# [Requirement]
Once you find the line below that has "纯色沙发毯四季通用盖毯", output it and every line after it exactly, stopping after the line that has "thumbnail image 4", with no pictures.
━━━━━ Data
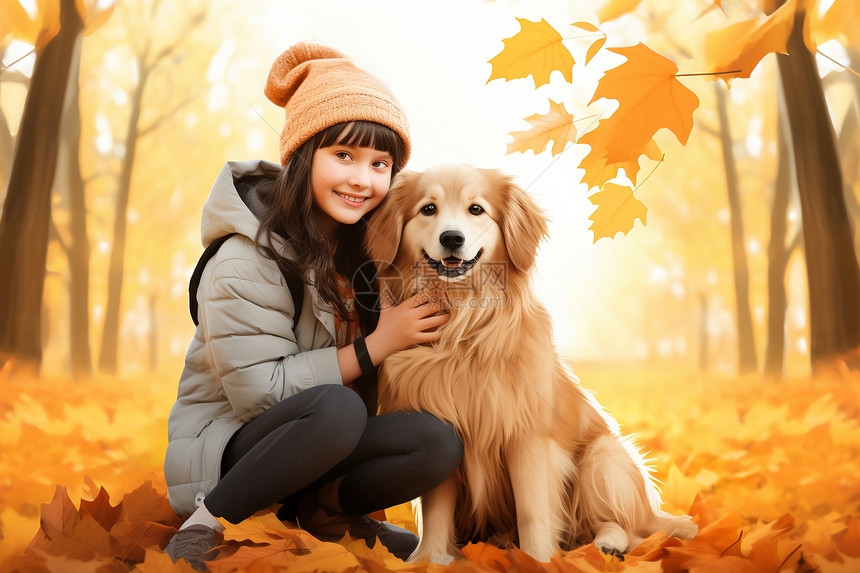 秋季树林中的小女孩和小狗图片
━━━━━━━━━━
━━━━━ Data
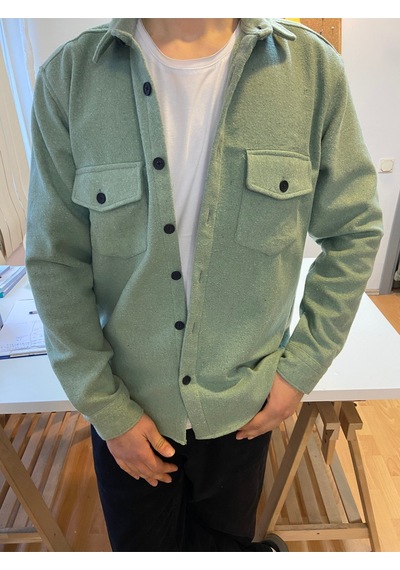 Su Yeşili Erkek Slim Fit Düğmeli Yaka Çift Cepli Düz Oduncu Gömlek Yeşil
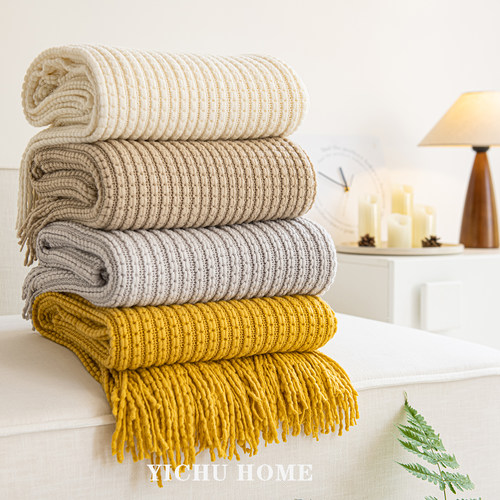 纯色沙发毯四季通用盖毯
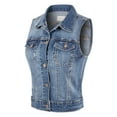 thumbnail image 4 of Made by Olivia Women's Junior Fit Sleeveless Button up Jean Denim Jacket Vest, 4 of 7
━━━━━━━━━━
# [Result of the task]
 纯色沙发毯四季通用盖毯
 thumbnail image 4 of Made by Olivia Women's Junior Fit Sleeveless Button up Jean Denim Jacket Vest, 4 of 7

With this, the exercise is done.